Brought in contractors really early.
One good, one not so good

Early d sites
Took longer
Difficult to maintain
Different techniques from one site to the next
Confusing for site owners - didn't like admin backend. Way too complicated
Generally disappointing

Used to do this way

Designs
Web kit
Build structure
Then rework web kit
Rework design
Multiple loops of iteration

Not like that any more!

Time for a reboot
Could change everything
Design, ux
How selling
How developing
How training

Consider every role in the company
Designer visual and ux
Developer
Themer
Site owner
End user
Trainer
Business dev
Sysadmin

Looked at common causes of project slippage
Scope creep - clients don't know what they don't know
Unclear requirements
Impractical designs
Communication

Our system
Complexity
Estimated saving
Learning curve
Resistance
Overall benefit

Design to a grid
Consistency
Speed of production
Doesn't have to limit design scope

Develop a toolkit
Admit the truth, that every site is the same to some extent
Learning curve is short
Very high benefit

Sell out of the box
Sell the toolkit
Divide features up into bespoke and toolkit
Features you don't have in the kit will cost more.
Easier to price jobs.

Design LAST
Build a prototype site as a wireframe
Difficult to do
Difficult adoption
Prepare the client?
[Does that not decouple design from ux?]

Evolutionary prototyping
Parallel running
Work out kinks

Start Point
Start with a good site install.
Just turn OFF what you don't need

Focus on the site owner
Doesn't care about Drupal

Select your team
Needed more non-dev "builders"
Less technical but more business savvy
Client facing

Live demo
Better starting point
Basic shop
Lightbox overlays
Postcode lookup
Overlay widget as per RationalMedia

80%? Er, not sure...

"How does this restrict the clients?"

Actually gives them more. We have to rein in developers. We need to make R&D back.

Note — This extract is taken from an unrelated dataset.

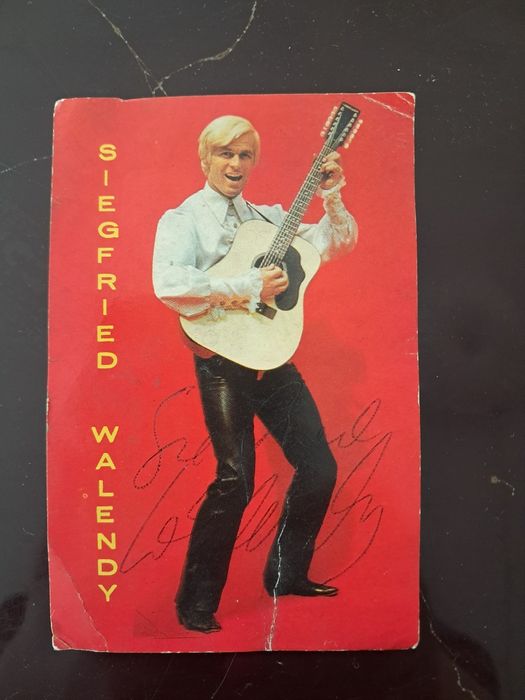 Зигфрид  Валенти с автограф от 1973год.когато бе на турне в България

Don't give clients admin, generally. Content moderation etc.

["Late design divorces ux?"]

We don't find that. We actually do early prototyping and implement that layer as a sort of wire framing of the site, so that gets a lot of the UX in. Our ux and design person is one and the same, so it works when we get round to prettifying.

Change management is hard with our Start Point system. avoid change other than security.

"hard about this?"

Change management. Everyone accepting new way of doing things. Designers not creatively restricted, [but have to keep working at that?]